Schon beim Ortstermin hatte der CSU-Stadtrat auf die erschwerten Probenbedingungen von 36 Sängern hingewiesen. In der jüngsten Bauausschusssitzung befasste sich das Gremium nun mit den beim Ortstermin diskutierten Ausbaumöglichkeiten. Grundlage der Debatte waren Planentwürfe von Stadtbaumeister Hans Rettinger.

Das Planungskonzept des städtischen Bauexperten sieht einen Ausbau des Dachgeschosses einschließlich Isolierungen, Schallschutz, Akustikdecken, Heizung, eine kleine Einbauküche, einen Abstellraum und zwei WCs vor. Die Raumgröße des Versammlungsraums beträgt circa 120 Quadratmeter. Die Ausbaukosten kalkulierte Rettinger auf circa 48 000 Euro. Für wenig sinnvoll hielt der Stadtbaumeister eine räumliche Unterteilung.

Zu dieser Empfehlung äußerten sich einige Bauausschussmitglieder recht unterschiedlich. Während Thomas Weiß den Einbau von Trennwänden vorschlug, um Heizkosten zu sparen und die Vielfalt der Nutzung zu erweitern, warnte Thomas Schopf vor teuren Trennwänden.

Keine Unterteilung


Timo Schön empfahl einen Vergleich mit dem Haus der Vereine in Gmünd. Deshalb hielt auch er eine Unterteilung des Dachgeschosses in mehrere Räume für wenig sinnvoll. Der Appell von Thomas Schopf (FWG) "mach ma glei wos Gscheits" wurde dennoch weiter kontrovers diskutiert. Josef Neubauer (CSU) zweifelte an der Notwendigkeit von Toiletten, die gebe es ja ein Stockwerk tiefer und Klaus Schmitsdorf (Die Linke) hielt eine Teeküche für überflüssig.

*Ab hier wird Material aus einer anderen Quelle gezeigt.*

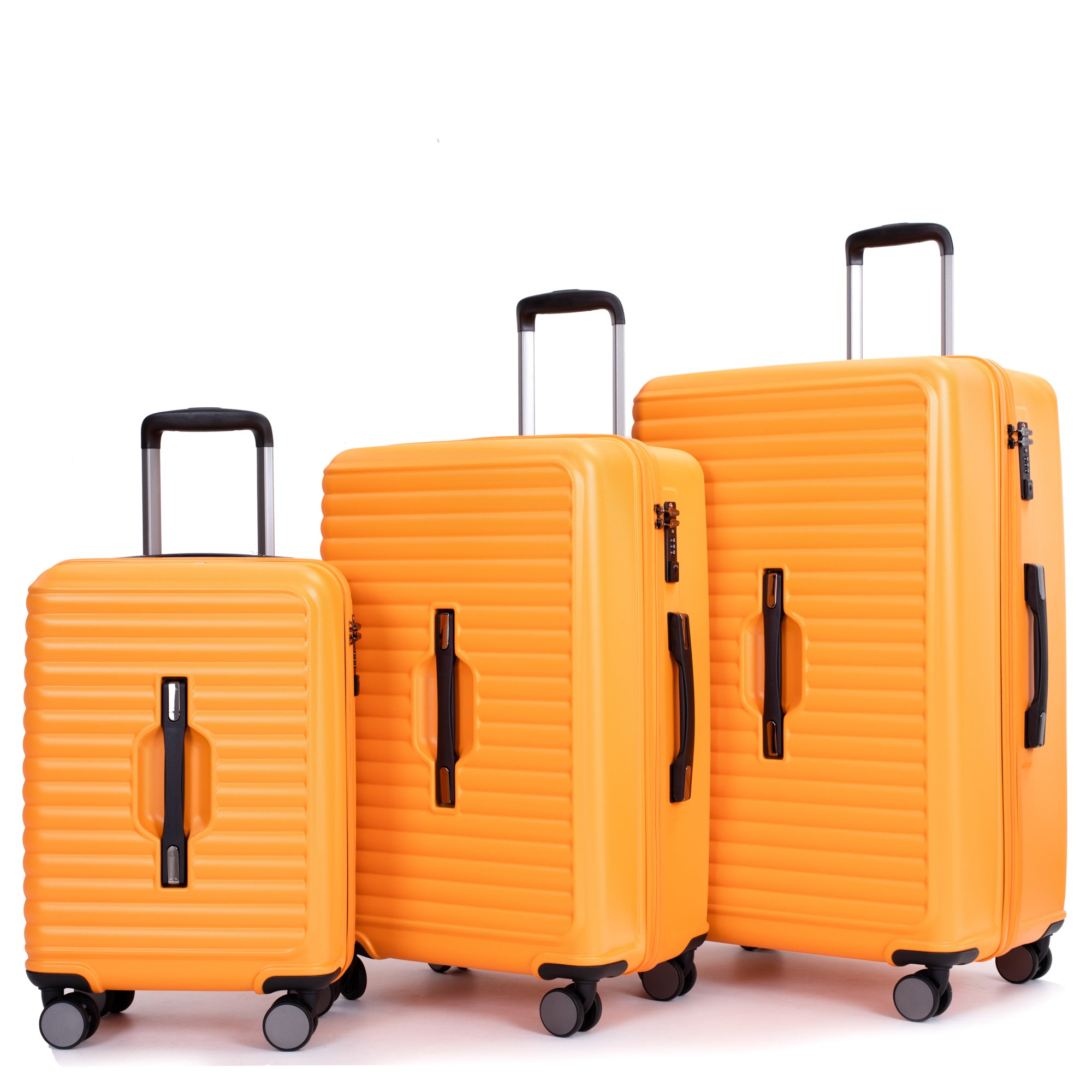 3 Piece Luggage Sets PC ABS Lightweight Suitcase with orange-abs+pc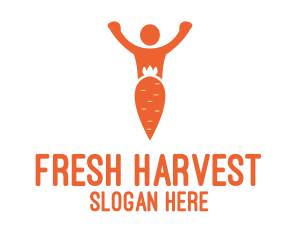 Veggie - Orange Carrot Human logo design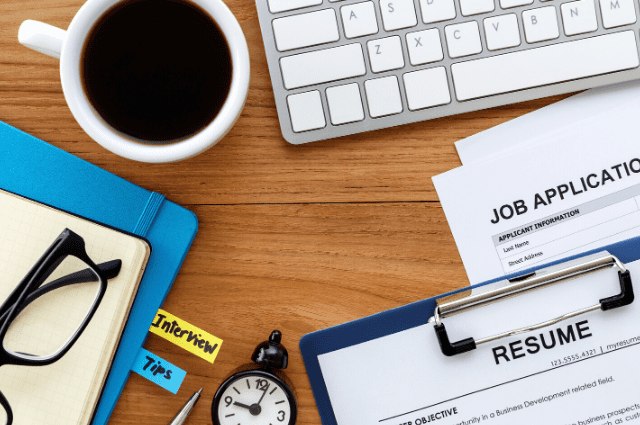 job search documents on table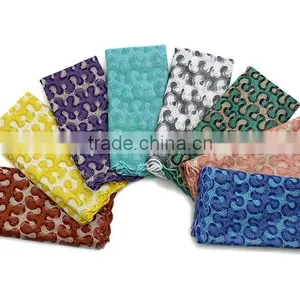 100% High Quality African Guangzhou Lace Fabric Tulle Lace Fabric Multi Color thumbnail-6
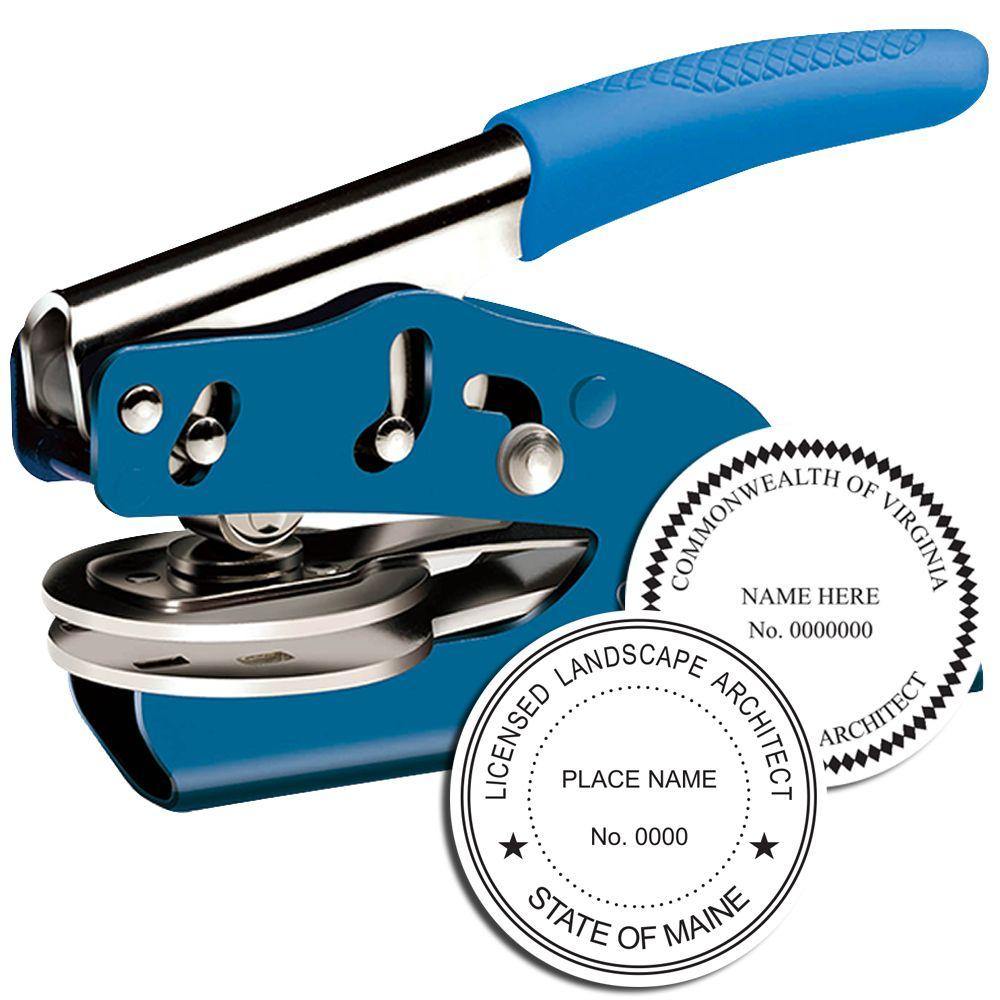 Landscape Architect Blue Soft Seal Embosser with a blue handle, shown with embossed sample seals for licensed landscape architects.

Der weiteren Debatte setzte Gerald Morgenstern (CSU) mit dem Antrag ein Ende, das Dachgeschoss im vom Stadtbaumeister geplanten Umfang auszubauen. Gleichzeitig verwies Morgenstern auf den Sanierungsbedarf der WCs im Untergeschoss des Kindergarten-Gebäudes. Bei einer Gegenstimme (Josef Neubauer) votierte der Bauausschuss für die Ausbauvorschläge des Stadtbaumeisters.